On the Wednesday after Ophelia Strong’s return the Gabingly folk with half the Saltire worthies descended upon The Friary for the purpose of courteous chatter. To Gabriel’s sensitive melancholy the house appeared converted into a sudden pandemonium of fashion. His political responsibilities hung like a girdle of thorns about his loins. Mr. Mince, with his usual oleaginous arrogance, deigned to dictate to him on the educational question and the rights of church schools. Later he was cornered by his father-in-law, who demanded, with superlative geniality: “Why the deuce, man, don’t you run over and see us oftener; my Blanche swears you’re turning into a damned political hermit, only bobbing up on state occasions.” The culminating irritation descended upon him in the person of his father, who indulged, for some fateful reason, in parental inquires as to his domestic happiness. The suggestion was the last bodkin prick, rankling in the man’s flesh. John Strong parted from his son that afternoon with a somewhat ruffled temper. Gabriel was more than ever an enigma to the paternal mind, and John Strong, like most Britishers, cordially detested anything he could not understand.
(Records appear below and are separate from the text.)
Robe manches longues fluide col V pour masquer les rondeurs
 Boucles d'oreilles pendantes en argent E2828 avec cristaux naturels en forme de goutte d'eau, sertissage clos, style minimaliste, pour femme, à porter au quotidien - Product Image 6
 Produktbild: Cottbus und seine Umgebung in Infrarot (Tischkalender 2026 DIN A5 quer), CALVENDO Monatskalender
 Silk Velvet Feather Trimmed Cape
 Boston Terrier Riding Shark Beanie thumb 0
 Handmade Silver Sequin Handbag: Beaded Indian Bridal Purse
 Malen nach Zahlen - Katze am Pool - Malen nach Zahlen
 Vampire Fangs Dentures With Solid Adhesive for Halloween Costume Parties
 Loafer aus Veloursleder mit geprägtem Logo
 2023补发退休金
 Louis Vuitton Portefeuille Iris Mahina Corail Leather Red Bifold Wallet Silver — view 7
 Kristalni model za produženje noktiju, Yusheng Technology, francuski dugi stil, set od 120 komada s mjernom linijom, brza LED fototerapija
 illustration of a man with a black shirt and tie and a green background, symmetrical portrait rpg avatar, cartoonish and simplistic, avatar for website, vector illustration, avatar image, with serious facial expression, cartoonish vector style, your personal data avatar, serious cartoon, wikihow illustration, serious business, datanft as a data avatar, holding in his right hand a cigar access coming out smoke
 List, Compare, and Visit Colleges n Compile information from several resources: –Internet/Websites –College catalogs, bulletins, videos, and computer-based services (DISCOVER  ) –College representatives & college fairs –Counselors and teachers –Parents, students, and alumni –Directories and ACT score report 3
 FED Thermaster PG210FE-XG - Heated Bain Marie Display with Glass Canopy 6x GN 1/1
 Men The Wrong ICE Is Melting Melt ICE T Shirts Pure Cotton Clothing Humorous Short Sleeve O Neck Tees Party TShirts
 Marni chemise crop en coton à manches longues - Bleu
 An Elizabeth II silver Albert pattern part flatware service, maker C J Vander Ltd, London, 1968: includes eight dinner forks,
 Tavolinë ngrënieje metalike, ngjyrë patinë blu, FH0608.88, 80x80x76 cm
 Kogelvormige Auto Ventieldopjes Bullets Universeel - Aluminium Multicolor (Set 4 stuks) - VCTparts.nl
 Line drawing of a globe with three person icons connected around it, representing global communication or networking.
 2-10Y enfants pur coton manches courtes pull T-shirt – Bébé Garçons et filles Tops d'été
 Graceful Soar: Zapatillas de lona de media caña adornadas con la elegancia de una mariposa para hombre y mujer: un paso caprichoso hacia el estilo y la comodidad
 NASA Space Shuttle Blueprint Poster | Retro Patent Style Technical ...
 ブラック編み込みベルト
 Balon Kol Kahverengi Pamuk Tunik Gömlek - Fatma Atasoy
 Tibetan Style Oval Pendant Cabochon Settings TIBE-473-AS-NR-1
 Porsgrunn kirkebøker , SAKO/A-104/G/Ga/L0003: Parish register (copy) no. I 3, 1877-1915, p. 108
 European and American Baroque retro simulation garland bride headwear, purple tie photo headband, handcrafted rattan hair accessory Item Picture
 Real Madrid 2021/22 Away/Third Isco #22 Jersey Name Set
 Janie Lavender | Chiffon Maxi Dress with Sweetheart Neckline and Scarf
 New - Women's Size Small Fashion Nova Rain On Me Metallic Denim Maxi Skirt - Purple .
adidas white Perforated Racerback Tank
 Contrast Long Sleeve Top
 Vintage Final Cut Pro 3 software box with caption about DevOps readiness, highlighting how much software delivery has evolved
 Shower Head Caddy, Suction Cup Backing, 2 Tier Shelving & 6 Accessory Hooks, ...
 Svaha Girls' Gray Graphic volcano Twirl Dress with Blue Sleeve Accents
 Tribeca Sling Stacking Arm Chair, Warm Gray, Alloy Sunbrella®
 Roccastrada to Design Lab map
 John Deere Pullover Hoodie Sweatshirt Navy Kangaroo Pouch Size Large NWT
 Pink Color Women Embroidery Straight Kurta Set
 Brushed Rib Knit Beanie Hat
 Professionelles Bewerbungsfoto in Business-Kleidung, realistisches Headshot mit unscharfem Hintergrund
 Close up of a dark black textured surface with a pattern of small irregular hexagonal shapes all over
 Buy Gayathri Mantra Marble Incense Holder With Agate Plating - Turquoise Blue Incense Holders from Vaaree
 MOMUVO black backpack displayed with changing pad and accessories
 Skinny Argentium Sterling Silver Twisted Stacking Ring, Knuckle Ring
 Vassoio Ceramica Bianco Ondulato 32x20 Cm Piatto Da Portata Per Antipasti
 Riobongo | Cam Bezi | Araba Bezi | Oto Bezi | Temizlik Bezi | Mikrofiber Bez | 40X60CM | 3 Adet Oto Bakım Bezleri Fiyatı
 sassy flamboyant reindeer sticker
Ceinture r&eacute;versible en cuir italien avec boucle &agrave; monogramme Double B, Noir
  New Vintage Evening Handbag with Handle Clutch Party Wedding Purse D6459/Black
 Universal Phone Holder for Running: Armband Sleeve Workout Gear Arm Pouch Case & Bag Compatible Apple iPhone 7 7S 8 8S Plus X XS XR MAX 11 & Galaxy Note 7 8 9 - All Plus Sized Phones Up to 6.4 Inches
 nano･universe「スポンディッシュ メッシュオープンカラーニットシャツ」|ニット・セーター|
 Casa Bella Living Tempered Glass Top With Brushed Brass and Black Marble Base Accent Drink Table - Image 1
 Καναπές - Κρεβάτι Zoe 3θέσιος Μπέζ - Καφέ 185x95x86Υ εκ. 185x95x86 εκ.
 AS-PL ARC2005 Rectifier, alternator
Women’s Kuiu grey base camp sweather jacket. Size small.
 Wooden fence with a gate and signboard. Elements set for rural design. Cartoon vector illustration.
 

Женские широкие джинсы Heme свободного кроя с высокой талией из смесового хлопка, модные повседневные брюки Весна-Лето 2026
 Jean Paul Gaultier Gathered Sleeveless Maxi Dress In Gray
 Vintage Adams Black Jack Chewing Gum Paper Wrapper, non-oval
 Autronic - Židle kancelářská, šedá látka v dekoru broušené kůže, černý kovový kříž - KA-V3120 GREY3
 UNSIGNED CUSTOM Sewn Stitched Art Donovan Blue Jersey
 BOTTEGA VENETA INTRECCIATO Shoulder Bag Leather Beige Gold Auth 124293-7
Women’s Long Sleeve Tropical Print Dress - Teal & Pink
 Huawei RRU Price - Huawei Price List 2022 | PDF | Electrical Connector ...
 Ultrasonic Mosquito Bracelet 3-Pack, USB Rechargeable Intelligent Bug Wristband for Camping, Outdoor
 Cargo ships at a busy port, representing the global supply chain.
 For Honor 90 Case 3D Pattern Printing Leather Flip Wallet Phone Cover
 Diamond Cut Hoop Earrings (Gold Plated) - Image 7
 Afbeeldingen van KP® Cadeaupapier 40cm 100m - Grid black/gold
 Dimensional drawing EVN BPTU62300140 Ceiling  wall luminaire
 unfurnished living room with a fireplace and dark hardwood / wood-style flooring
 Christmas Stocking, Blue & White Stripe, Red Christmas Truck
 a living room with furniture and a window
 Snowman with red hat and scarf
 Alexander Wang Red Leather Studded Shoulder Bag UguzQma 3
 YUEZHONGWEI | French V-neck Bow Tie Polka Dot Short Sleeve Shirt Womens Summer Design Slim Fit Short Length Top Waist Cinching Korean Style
At the end of the aforesaid week Gabriel was like a man groping through a quagmire on a moonless night. The stagnant pools around him, symbolizing his own thoughts, gave back a distorted and sinister reflection of his misery. It was not in his nature to suspect the sincerity of his wife’s scorn. The mood was logical enough, condoned, indeed, by his own conscience. How much she knew or surmised he dared not imagine; it was sufficient for him to realize that some deep gulf lay between them. Harassed with loneliness, unable to thread the future or to pierce the past, he seemed surrounded by a deep and desolate wilderness where he heard the shriek of the lapwing, the beating of invisible wings, the hoarse chatter of dead and wind-shaken grass. Above lay the sky, the black bowl of fate, starless, limitless, and void.